● **Prompt**: An exact reproduction of the records is required, with all pictures omitted.

[Image-text web data]
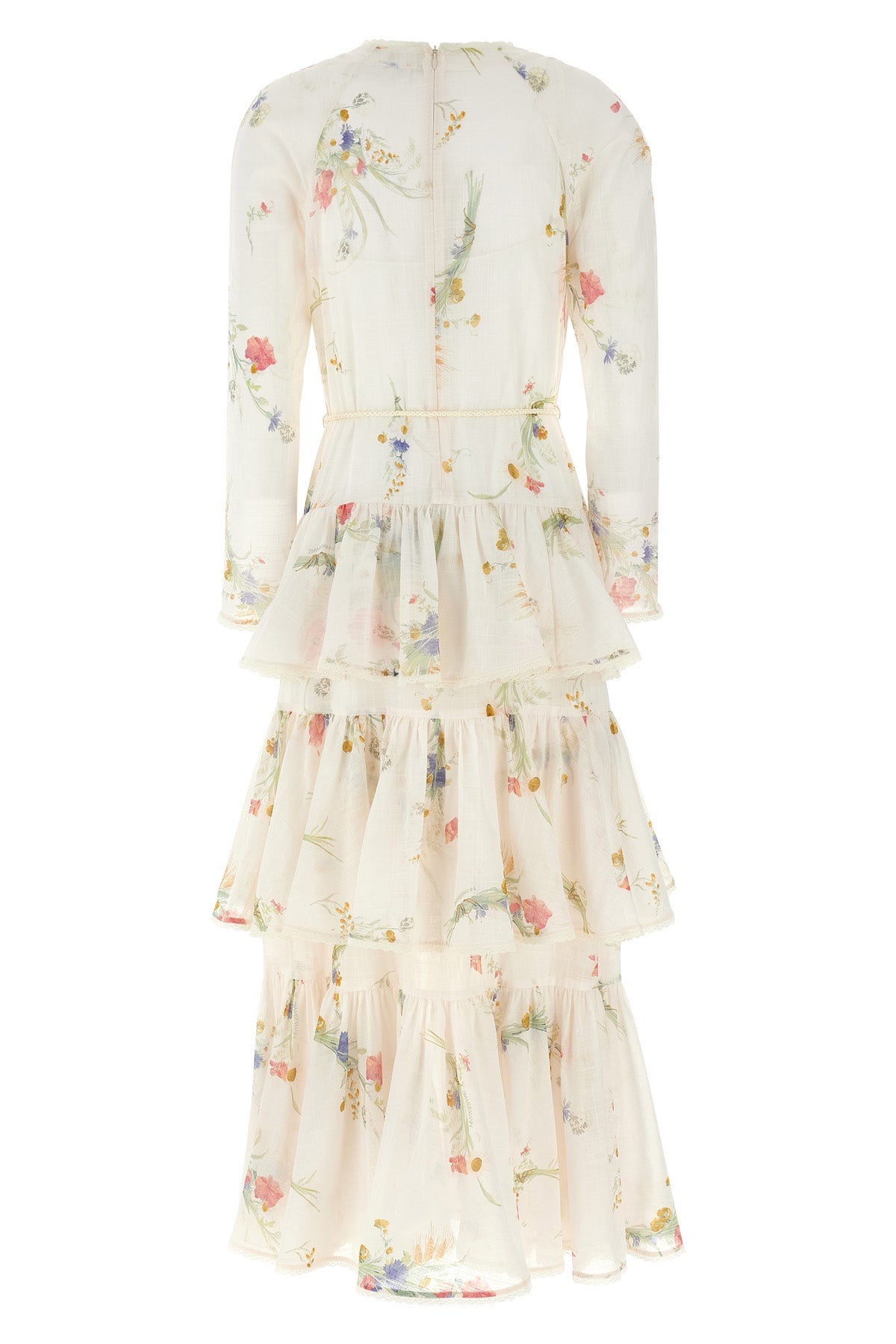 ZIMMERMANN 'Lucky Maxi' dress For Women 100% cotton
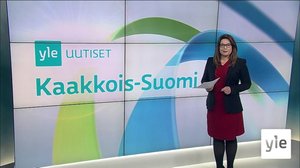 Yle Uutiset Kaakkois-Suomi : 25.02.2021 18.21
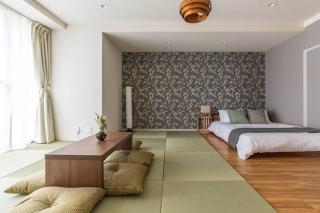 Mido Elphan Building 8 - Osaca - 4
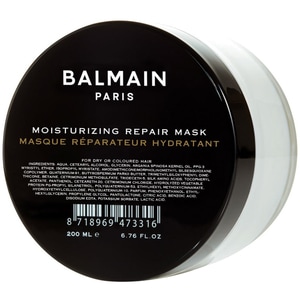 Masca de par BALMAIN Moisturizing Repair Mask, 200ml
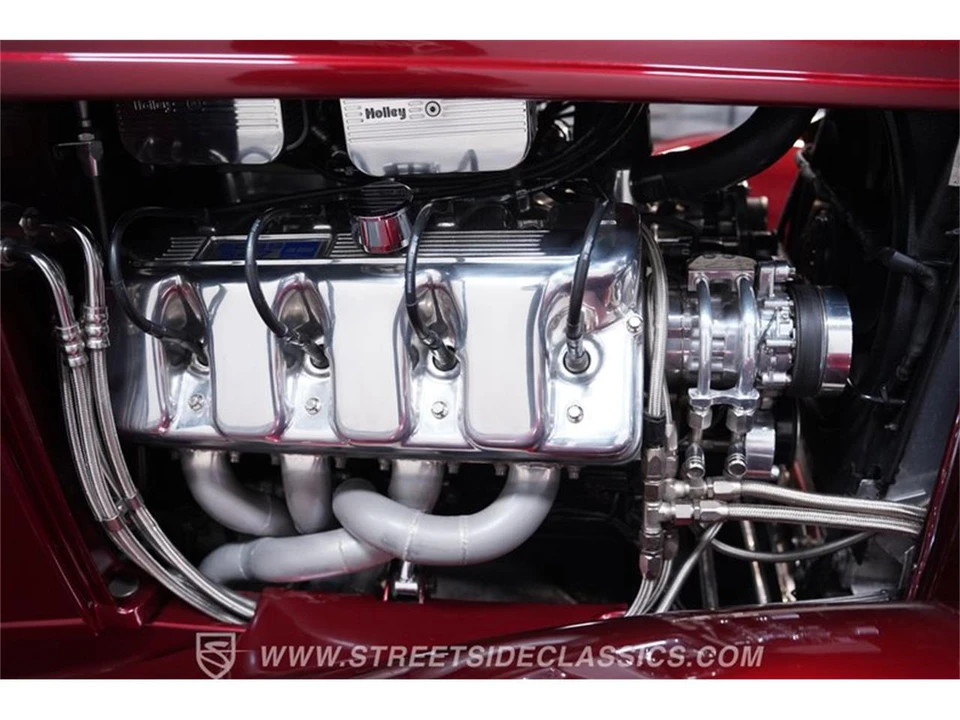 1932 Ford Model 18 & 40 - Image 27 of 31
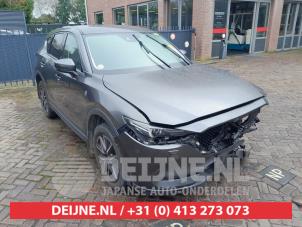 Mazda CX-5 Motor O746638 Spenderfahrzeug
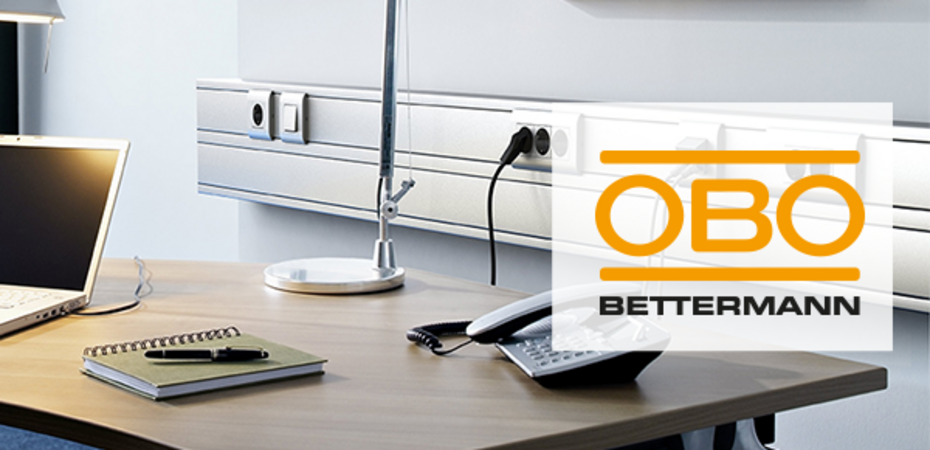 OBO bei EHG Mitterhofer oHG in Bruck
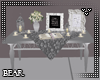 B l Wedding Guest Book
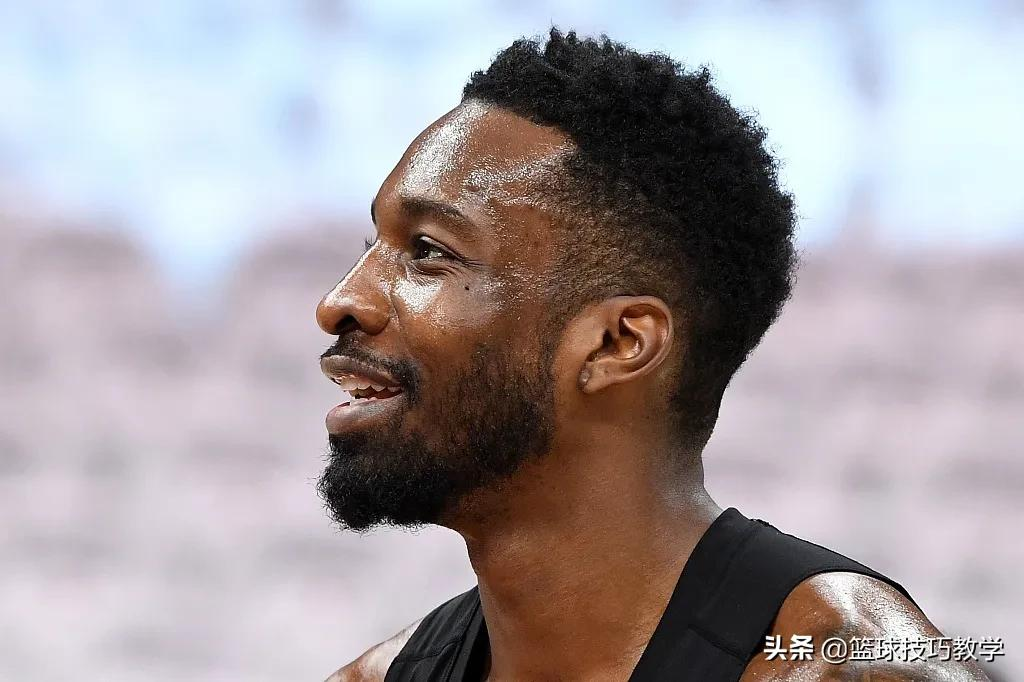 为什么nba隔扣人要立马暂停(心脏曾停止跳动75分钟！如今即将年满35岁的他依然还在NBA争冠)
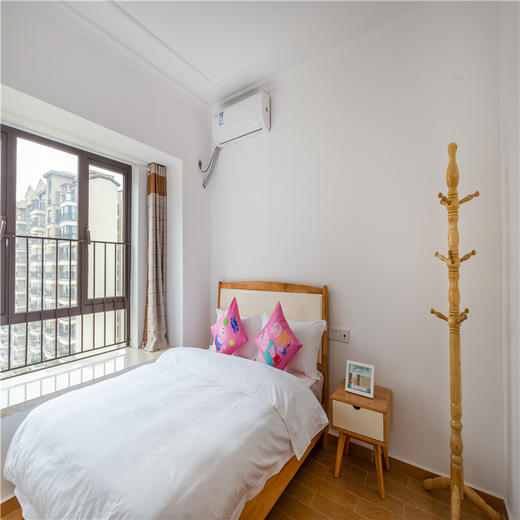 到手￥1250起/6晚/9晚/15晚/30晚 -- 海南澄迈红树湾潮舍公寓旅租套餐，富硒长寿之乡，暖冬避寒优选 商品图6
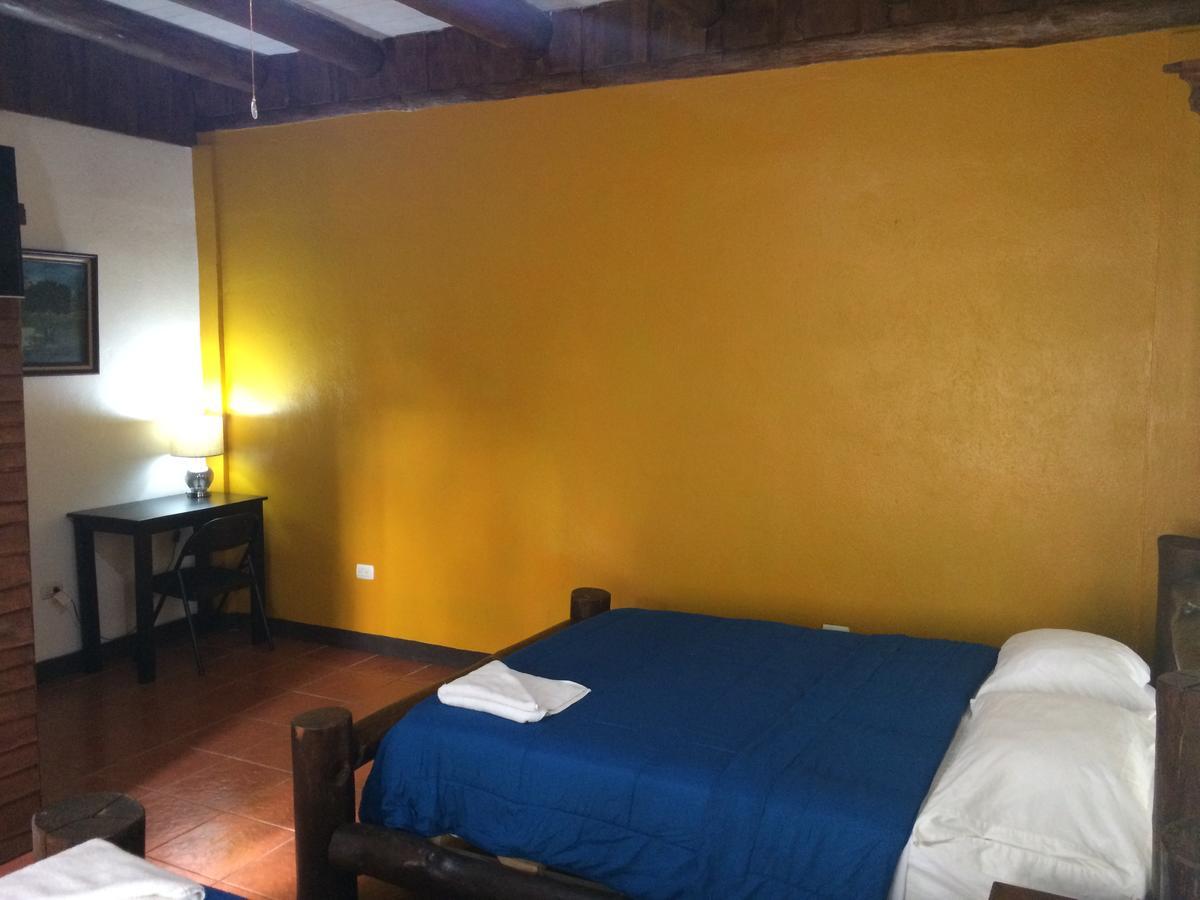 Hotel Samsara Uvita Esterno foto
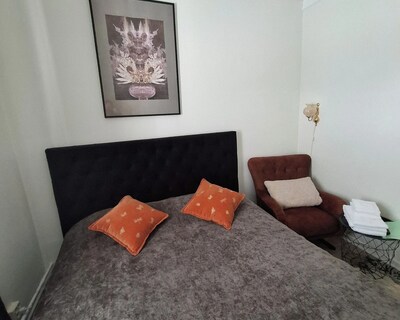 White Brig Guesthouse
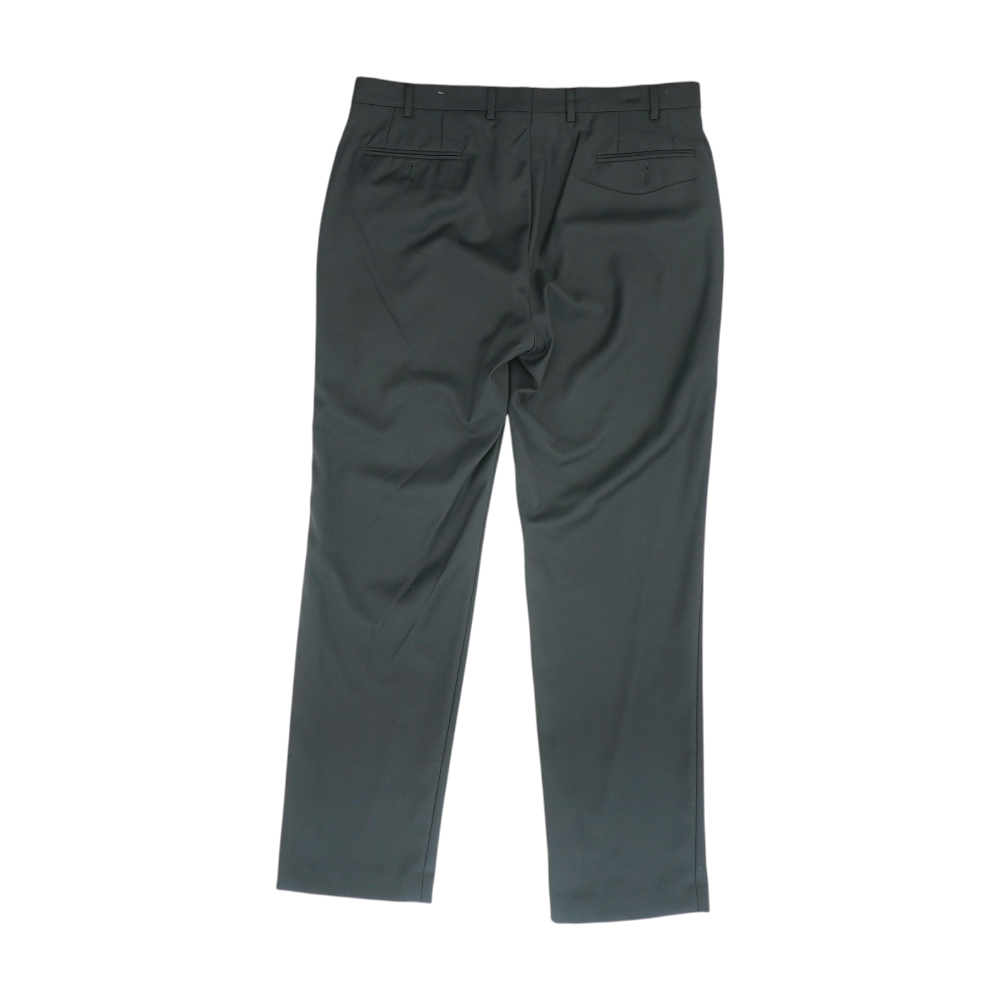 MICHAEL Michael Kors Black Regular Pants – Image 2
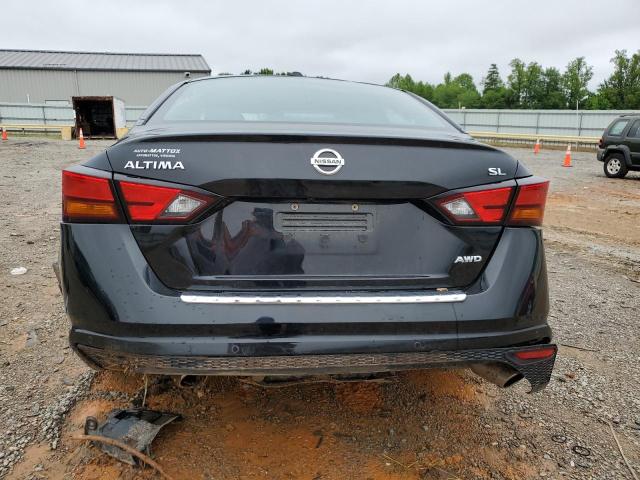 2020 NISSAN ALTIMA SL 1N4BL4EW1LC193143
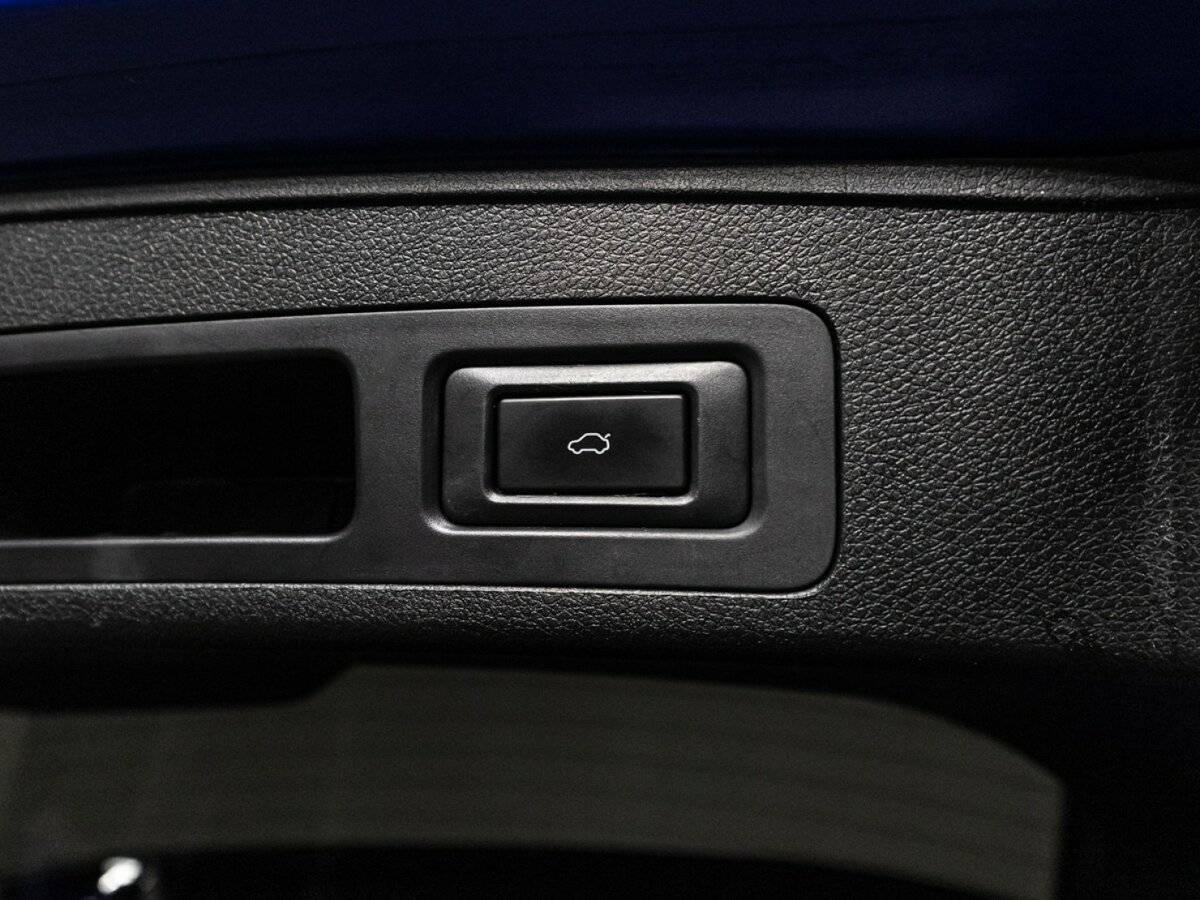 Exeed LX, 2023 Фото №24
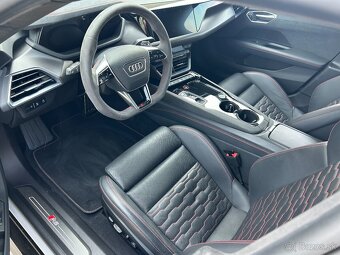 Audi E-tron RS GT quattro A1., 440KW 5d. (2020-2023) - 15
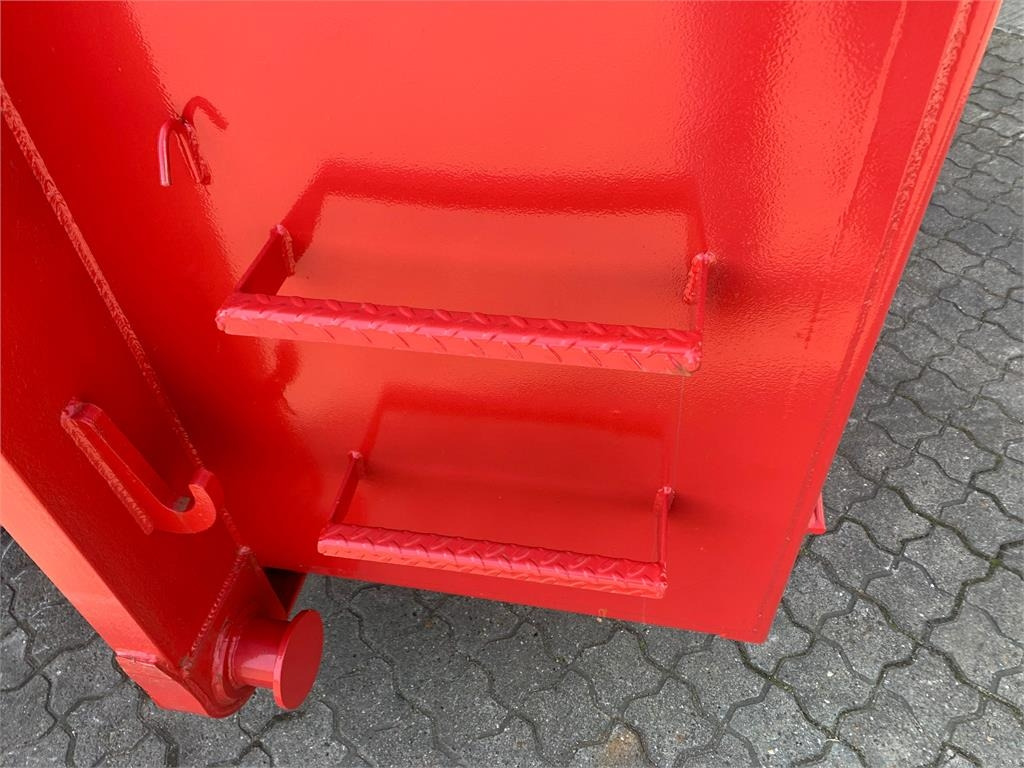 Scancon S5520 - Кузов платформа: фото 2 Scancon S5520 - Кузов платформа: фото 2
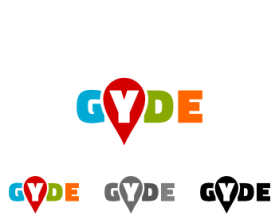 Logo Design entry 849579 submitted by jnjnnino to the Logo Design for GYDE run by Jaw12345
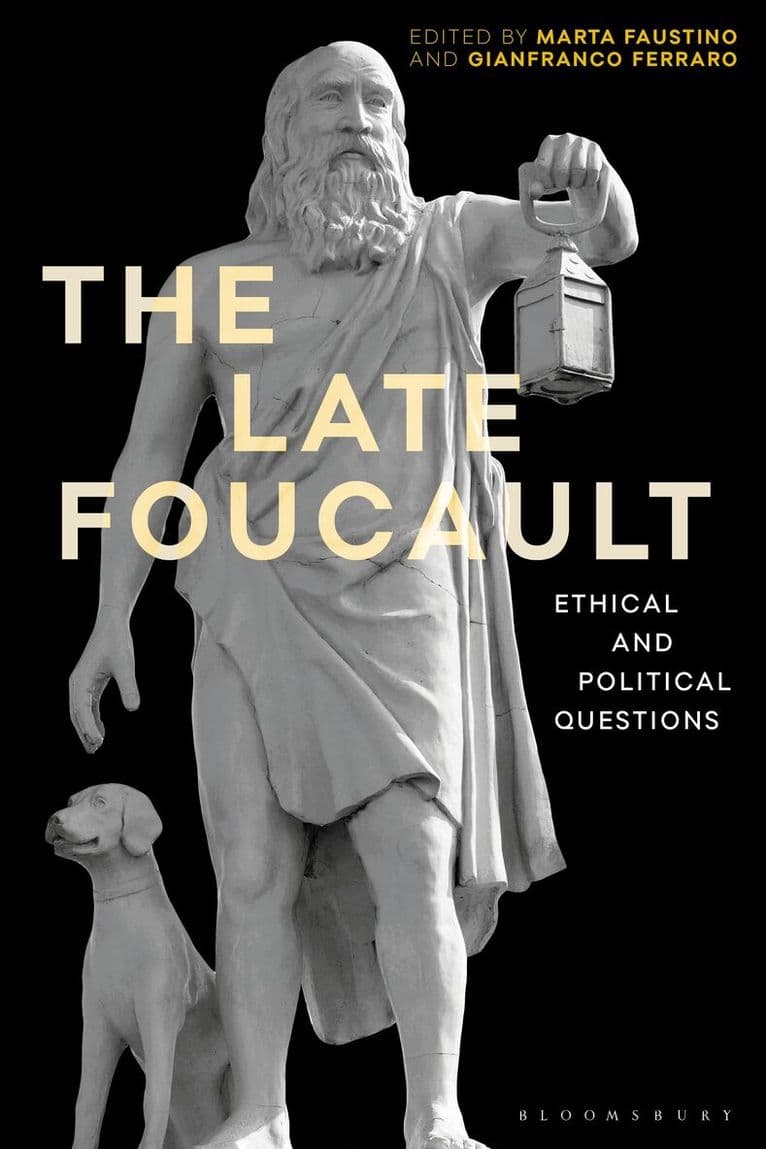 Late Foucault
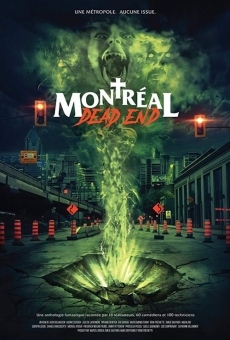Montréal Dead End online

● **Response to the task**:
 ZIMMERMANN 'Lucky Maxi' dress For Women 100% cotton
 Yle Uutiset Kaakkois-Suomi : 25.02.2021 18.21
 Mido Elphan Building 8 - Osaca - 4
 Masca de par BALMAIN Moisturizing Repair Mask, 200ml
 1932 Ford Model 18 & 40 - Image 27 of 31
 Mazda CX-5 Motor O746638 Spenderfahrzeug
 OBO bei EHG Mitterhofer oHG in Bruck
 B l Wedding Guest Book
 为什么nba隔扣人要立马暂停(心脏曾停止跳动75分钟！如今即将年满35岁的他依然还在NBA争冠)
 到手￥1250起/6晚/9晚/15晚/30晚 -- 海南澄迈红树湾潮舍公寓旅租套餐，富硒长寿之乡，暖冬避寒优选 商品图6
 Hotel Samsara Uvita Esterno foto
 White Brig Guesthouse
 MICHAEL Michael Kors Black Regular Pants – Image 2
 2020 NISSAN ALTIMA SL 1N4BL4EW1LC193143
 Exeed LX, 2023 Фото №24
 Audi E-tron RS GT quattro A1., 440KW 5d. (2020-2023) - 15
 Scancon S5520 - Кузов платформа: фото 2 Scancon S5520 - Кузов платформа: фото 2
 Logo Design entry 849579 submitted by jnjnnino to the Logo Design for GYDE run by Jaw12345
 Late Foucault
Montréal Dead End online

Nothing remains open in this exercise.